We never had children so at 49, I sometimes forget that I’m as old as I am (with no one around to remind me about what a dork I am…) and therefore can be found spontaneously dancing to an imaginary tune for a friend as we stand in line at the grocers or becoming really happy when I hear my friend Andy Hartsock sing this song http://www.andyhartsock.com/Audio/5Monkeys.mp3 which is really meant for kids but I can get away with it because, again, I don’t have teenagers reminding me to be seen (when they tell me) and not heard!!
I love teenagers, don’t get me wrong. In fact, I Coach that very special teen that WANTS coaching (not because their parents want them to be coached) so that they can put together steps for their future. I guess I’m pretty much still such a teenager myself inside and also was very impacted by my teenager years so it enables me to be able to relate (for the most part) to how a teen thinks and feels. It’s really a sucky time for most teens, that time between being a child and becoming an adult. I also had such a low self-esteem when I was in my teens that I would have never ever admitted to listening to a song like “Five Little Monkeys” much less dancing to it (our black Lab just rolled her eyes at me dancing as she stretched out on the kitchen floor) and sending it out for others to enjoy!
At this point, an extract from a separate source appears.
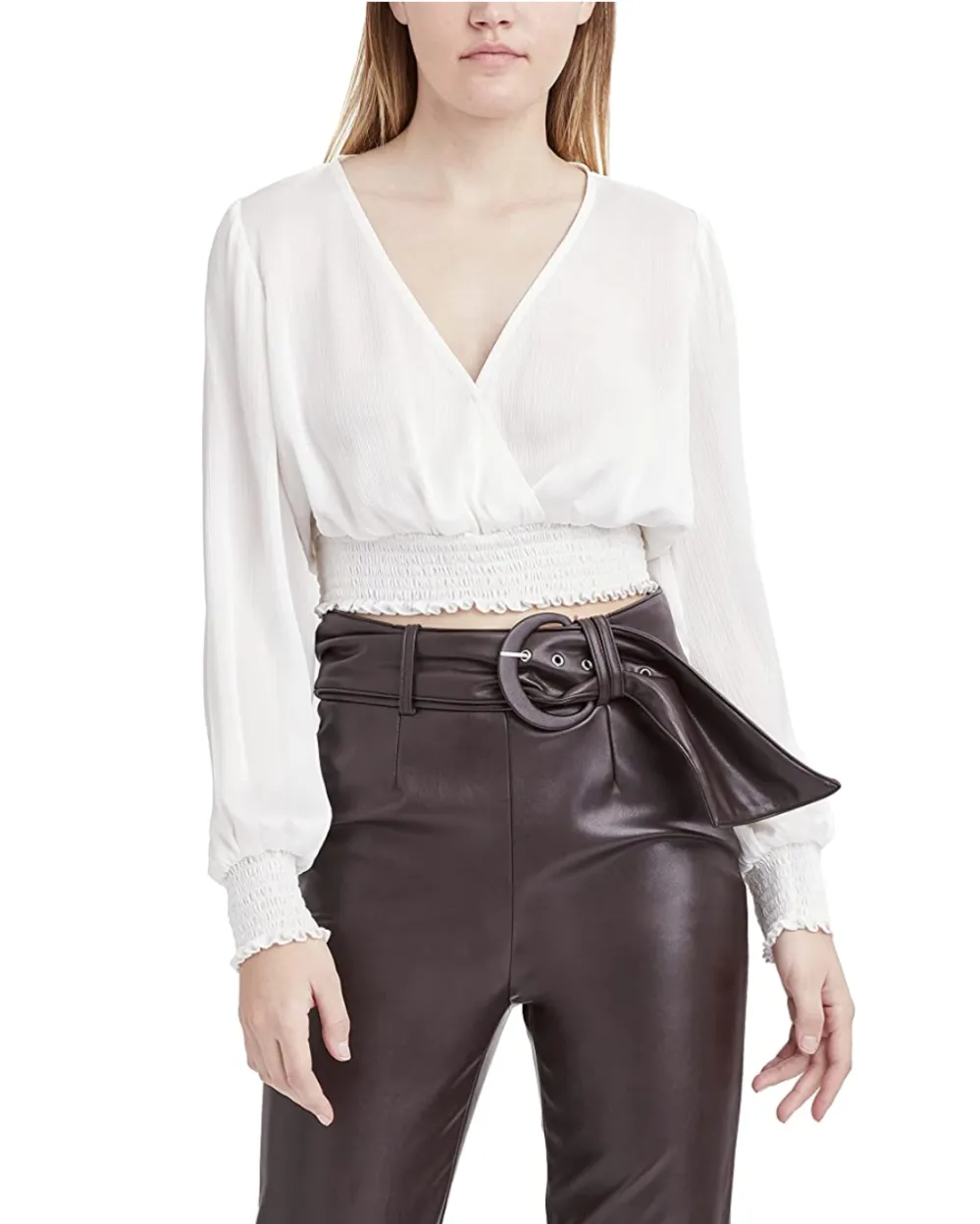 BCBGeneration Women's Long Sleeve Wrap Style Crop Top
This is the good news about getting older though, which is that at some point we reach a place where we just let go and accept who we are—weirdness and all. There’s actually a whole lot of really cool stuff that comes with getting older that we don’t focus on out there in business land. For instance, I’ve learned that when there are gaps in my knowledge brain bank that I can put my brain on “search” and the information will come up and in the meantime, I can open up my heart more to the person or people in front of me and connect with them until the piece of information that I couldn’t access, comes to the forefront. That’s a heckuva lot easier on my adrenals then getting all stressed out because I can’t remember a piece of information.
It almost sounds like I’m smoking pot only I’m not. But it’s that kind of calmness of being who I am now that, I believe, comes with acceptance of ourselves as we get older.
Actually, I suspect my brain always worked this way; I just have the excuse now of being older to hang it on if I want.